Powerful computers that digest data quickly use teams of processors to perform multiple calculations at the same time. But processors require space and energy, two things in short supply onboard satellites tailored for maximum efficiency.
“We’re talking about satellites that are tens of centimeters in size. We may be able to outfit those satellites with computers strong enough to process data in-situ, but that data processing capability often takes up resources that could be used to support a stronger instrument array,” said Yamaguchi.
In addition, while Earth’s atmosphere shields computers on its surface from most cosmic radiation, computers in space don’t have that same protection. A particularly powerful burst of radiation could impact a computer’s ability to process data accurately or even destroy it completely.
“If that happens, and the satellite can no longer process or relay data, then you’re flying a very expensive brick. Even computers small enough to fit practically onboard compact satellites and powerful enough to process data in-situ may still be too vulnerable to radiation for use in space,” said Yamaguchi.

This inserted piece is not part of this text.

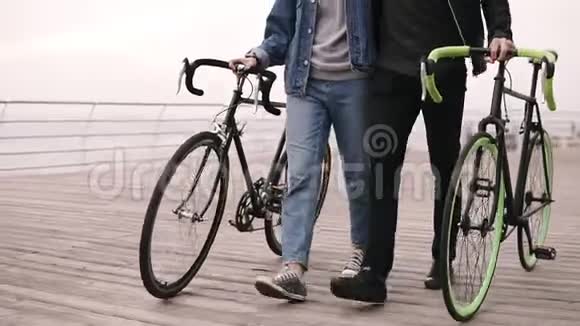 在秋日现代年轻的时髦夫妇和他们的自行车一起在海边散步拥抱走在木头上视频的预览图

SMARTIE would solve these problems by distributing readily available computer components across a compact, flexible architecture, which would then fold into a single package only 16 mm long, 22 mm wide, and 6 mm high. These components would include an off-the-shelf multi-core processor, a graphics processing unit (GPU), and non-volatile Magnetoresistive Random Access Memory (MRAM) memory units, with a system controller providing adaptive redundancy to ensure gathered data isn’t lost if the system suddenly loses power.
“These are standard pieces of computer hardware, but when we bring them together within this folded structure, we create a system that consumes less energy, takes up less space, helps insulate SMARTIE from radiation, and even makes it less likely that radiation will even collide with SMARTIE in the first place,” said Yamaguchi.
A wide variety of scientific missions dedicated to gathering data with space-based remote sensors would benefit from a computer like SMARTIE. In particular, researchers developing SMart Ice Cloud Sensing (SMICES) an instrument that would help improve climate and weather models – are interested in using the technology to support their goal of measuring ice crystals in high-altitude clouds.
“The ice crystals we want to measure are best characterized using radar within the 239 GHz range, but that requires a pretty energy intensive radar apparatus. We want to run advanced AI algorithms that would only turn on the radar when necessary. For a program that complicated, we’ll need to use something as powerful and compact as SMARTIE,” said William Deal, Principal Investigator (PI) for SMICES.
ESTO leverages NASA resources to help researchers in academia and industry transform promising technology concepts into field-ready products. Both SMARTIE and SMICES receive ESTO support; SMARTIE from ESTO’s Advanced Component Technology (ACT) program and SMICES from ESTO’s Instrumentation Incubator Program (IIP).
“Advancing technologies that will help us learn more about Earth systems means empowering researchers to develop a full suite of tools, from information systems to components to fully-functioning instruments. Our programs collaborate to make sure our PIs have access to the latest science related to their projects,” said Amber Emory, ESTO’s ACT Program Manager.
Yamaguchi is excited to see other scientists explore the possibility of incorporating SMARTIE into their instruments. Enabling researchers to accomplish their scientific objectives is, after all, what motivates his team to develop this novel component.
“We have to support one another. Every incremental step forward lays the foundation for future groundbreaking discoveries, and we hope SMARTIE will eventually become a cornerstone of that foundation,” said Yamaguchi.